About me
Neal O’Farrell is one of the world’s longest serving security and privacy experts, and has been fighting and writing about cybercrime and fraud around the world for nearly 40 years.
He was also one of the first champions for the growing importance of human security - employee and user security awareness - nearly 20 years ago in a series of articles in TechTarget called The Human Perimeter.
In 2003 he led the launch of Think Security First, an ambitious year-long experiment to raise the security awareness of an entire city (Walnut Creek, California, population 64,000). Partners in the award-winning program included Microsoft, Cisco, AT&T, McAfee, and DHS.
Blending data ethics with security and privacy, Neal was appointed Senior Security Advisor to the Congressionally-mandated Stock Act panel (an amendment to the 1978 Ethics in Government Act) and was also a member of the Federal Communications Commission's Cybersecurity Roundtable Working Group.
As Executive Director of the non-profit Identity Theft Council, Neal has counseled thousands of victims of identity theft and taken on cases referred to him by the FBI and Secret Service. In 2011 the Council won SC Magazine's Editor's Choice Award, presented at RSA.
Neal was also the first ever recipient of the Eigen Award, for his work in fraud prevention, presented by the Association of Certified Fraud Examiners (ACFE) at the headquarters of Wells Fargo in San Francisco.

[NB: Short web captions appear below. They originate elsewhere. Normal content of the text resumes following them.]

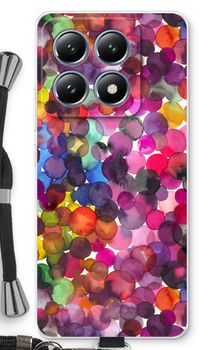 Overlapped Watercolor Dots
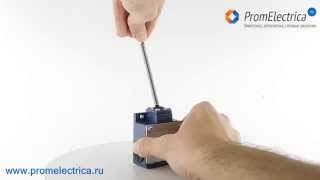 L53K13SOP103 Концевой выключатель влагостойкий с пружинным рычагом  EMAS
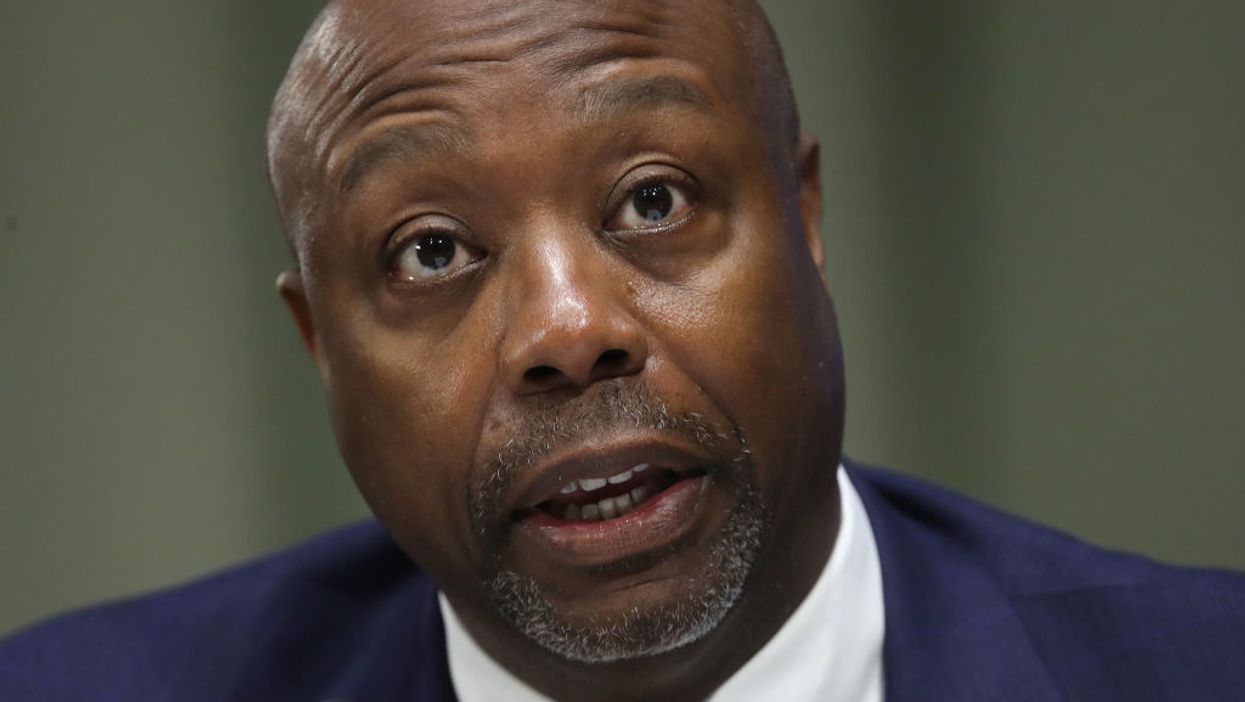 Sen. Tim Scott delivers scathing rebuke of leftists throwing racial slurs at him on Twitter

Neal was the producer of "In the Company of Thieves," the first in a series of documentaries that takes viewers inside the world of some of the most notorious identity thieves and cybercrooks.
He has advised many different organizations on data breach prevention and response, and has been quoted in dozens of publications including the New York Times, Forbes, Inc., the Wall St. Journal, the Huffington Post, CNN Money, BusinessWeek, USA Today, SmartMoney, CNET, Information Week, the National Law Journal, Today.com, NBC, CBS, CNBC, Fox Business, and the South China Morning Post.